**Exercise requirements**
Please copy out the entries exactly, skipping any pictures.

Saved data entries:
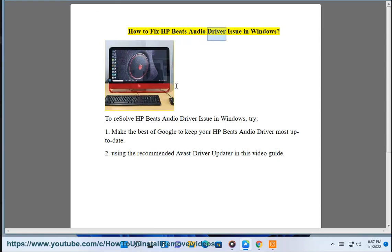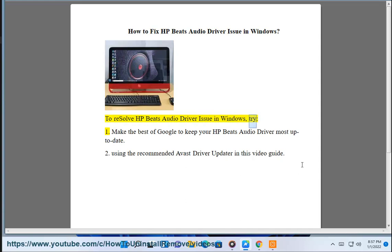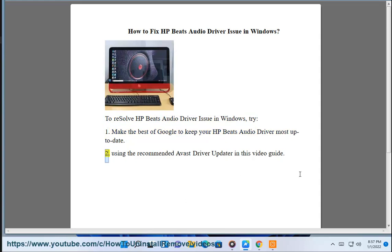How to fix HP Beats Audio Driver issue in Windows. To resolve HP Beats Audio Driver issue in Windows, try: 1. Make the best of Google to keep your HP Beats Audio Driver most up to date. 2. Using the recommended Avast Driver Updater in this video guide.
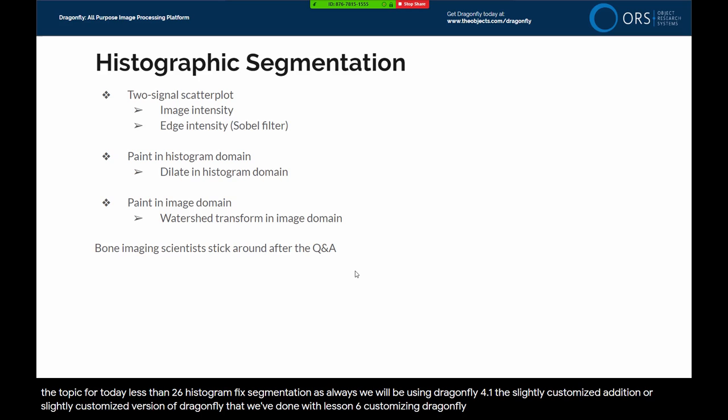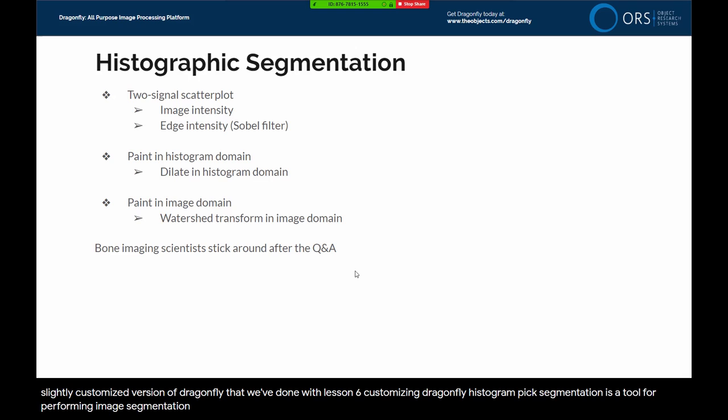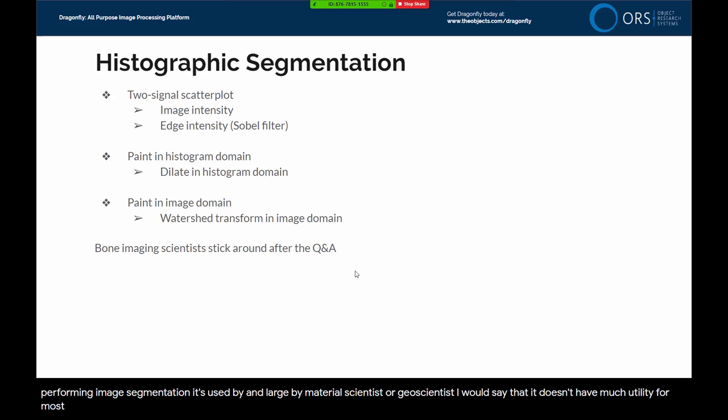Histographic segmentation is a tool for performing image segmentation. It's used largely by material scientists or geoscientists. It doesn't have much utility for most biological applications, but we'll have a look at it today and you can make a decision for yourself.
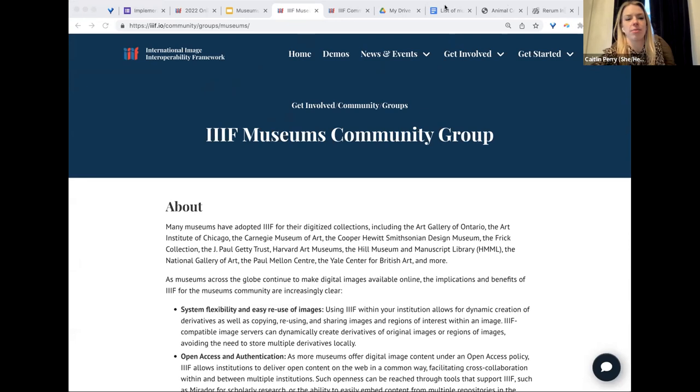The moderator thanks Matthew and Tristan for the presentation, describing it as a really appealing showcase. Resources have been added to the online meeting Slack channel, and the session is being recorded. With about seven minutes remaining before the next session — a meeting with the executive committee to go over the strategic plan — attendees are invited to return in seven minutes.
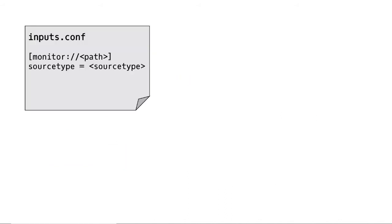Now we'll look at a couple of examples for each configuration file. First, inputs.conf — you can see here the monitor stanza with the path, and it also specifies the source type. The source type equals the source type value defined within square brackets in inputs.conf.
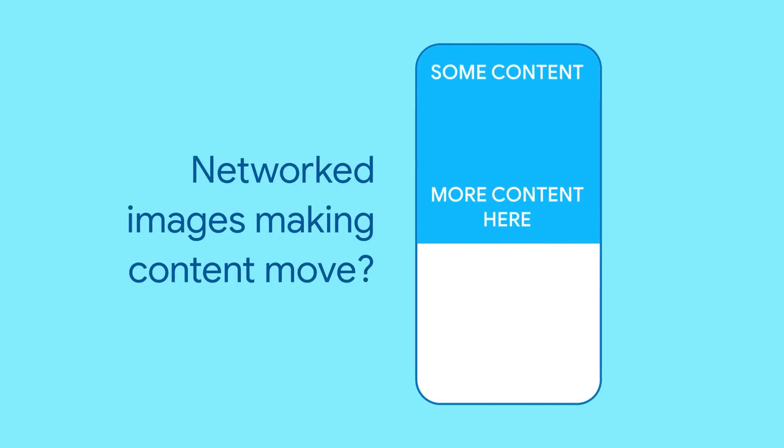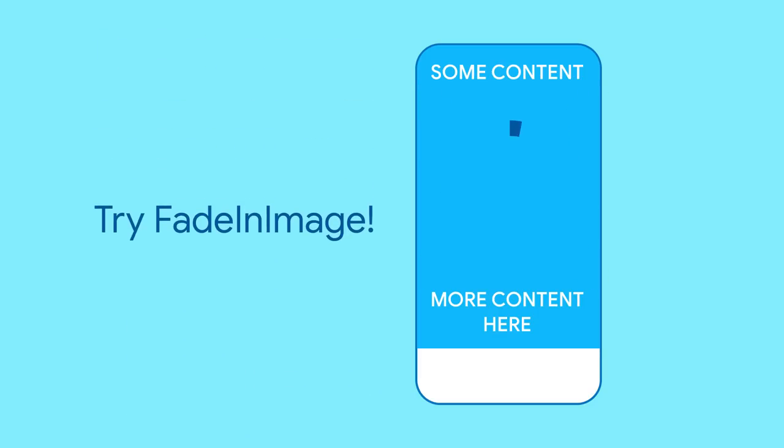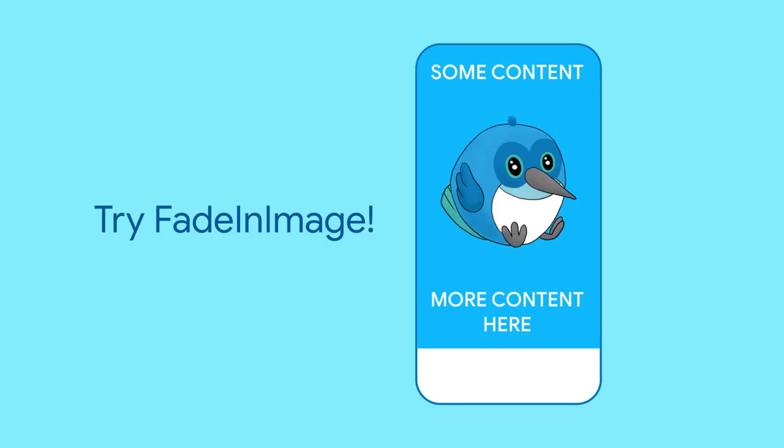If you're displaying images downloaded from a network, wouldn't it be great if you could put in a placeholder image while you wait for it to download? Fortunately, you can with fade-in image.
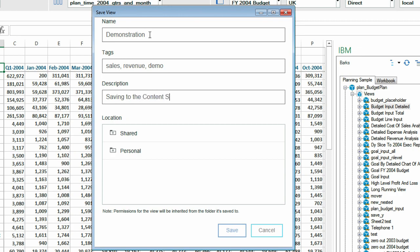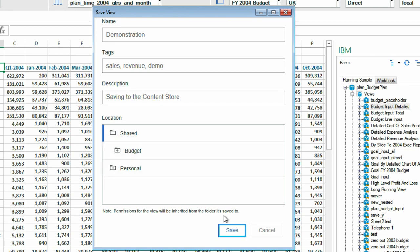The dialog also allows us to select a location in the Planning Analytics Workspace Content Store for where we want to save our view. I'll save mine in the Shared Folder and then click Save.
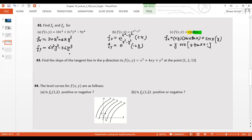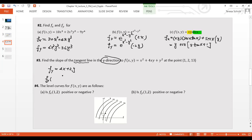Problem 3 asks: find the slope of the tangent line in the y-direction. That means I'm looking for f_y — the partial derivative with respect to y, treating x as a constant. The result is 4x + 2y. Plugging in the point (1, 2), I get 4 + 4 = 8. So the slope of the tangent line in the y-direction is 8.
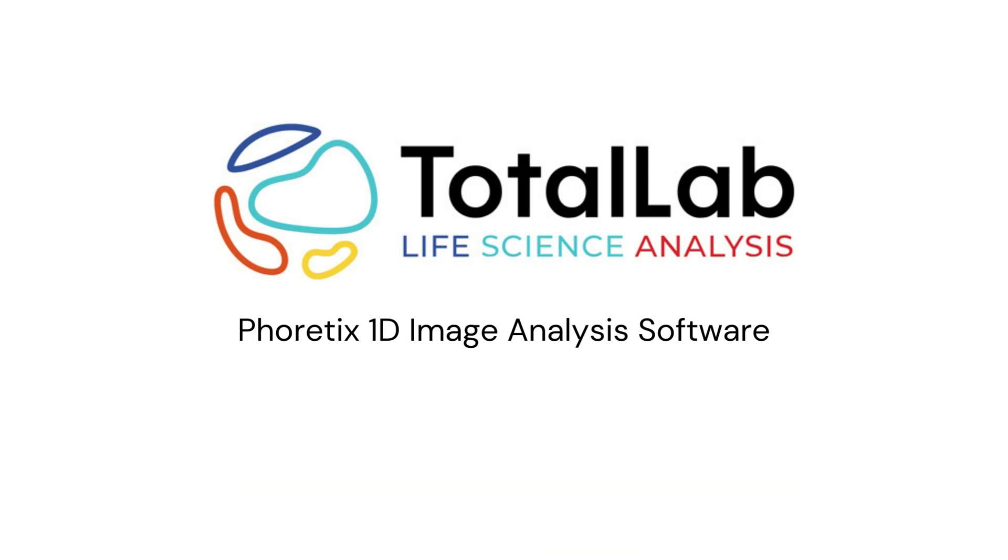Thanks for listening. And if you'd like to experience how Phoretix 1D can save you time in your lab and minimize inter-operator variability between lab users and between different labs, please check out the links in the description below where you can access a free trial of our software and use it with your own data in house.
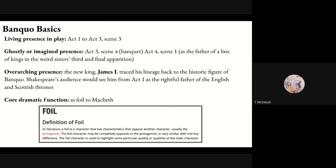Here are the basics. Banquo appears from Act 1 up to Act 3, Scene 3, after which he dies — murdered by not one, not two, but three murderers. He then has a ghostly or imagined presence in Act 3, Scene 4, the banquet scene, and in Act 4, Scene 1, as the father of the line of kings in the Weird Sisters' third and final apparition.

**Response area**
How to fix HP Beats Audio Driver issue in Windows. To resolve HP Beats Audio Driver issue in Windows, try: 1. Make the best of Google to keep your HP Beats Audio Driver most up to date. 2. Using the recommended Avast Driver Updater in this video guide.
Histographic segmentation is a tool for performing image segmentation. It's used largely by material scientists or geoscientists. It doesn't have much utility for most biological applications, but we'll have a look at it today and you can make a decision for yourself.
The moderator thanks Matthew and Tristan for the presentation, describing it as a really appealing showcase. Resources have been added to the online meeting Slack channel, and the session is being recorded. With about seven minutes remaining before the next session — a meeting with the executive committee to go over the strategic plan — attendees are invited to return in seven minutes.
Now we'll look at a couple of examples for each configuration file. First, inputs.conf — you can see here the monitor stanza with the path, and it also specifies the source type. The source type equals the source type value defined within square brackets in inputs.conf.
If you're displaying images downloaded from a network, wouldn't it be great if you could put in a placeholder image while you wait for it to download? Fortunately, you can with fade-in image.
The dialog also allows us to select a location in the Planning Analytics Workspace Content Store for where we want to save our view. I'll save mine in the Shared Folder and then click Save.
Problem 3 asks: find the slope of the tangent line in the y-direction. That means I'm looking for f_y — the partial derivative with respect to y, treating x as a constant. The result is 4x + 2y. Plugging in the point (1, 2), I get 4 + 4 = 8. So the slope of the tangent line in the y-direction is 8.
Thanks for listening. And if you'd like to experience how Phoretix 1D can save you time in your lab and minimize inter-operator variability between lab users and between different labs, please check out the links in the description below where you can access a free trial of our software and use it with your own data in house.
Here are the basics. Banquo appears from Act 1 up to Act 3, Scene 3, after which he dies — murdered by not one, not two, but three murderers. He then has a ghostly or imagined presence in Act 3, Scene 4, the banquet scene, and in Act 4, Scene 1, as the father of the line of kings in the Weird Sisters' third and final apparition.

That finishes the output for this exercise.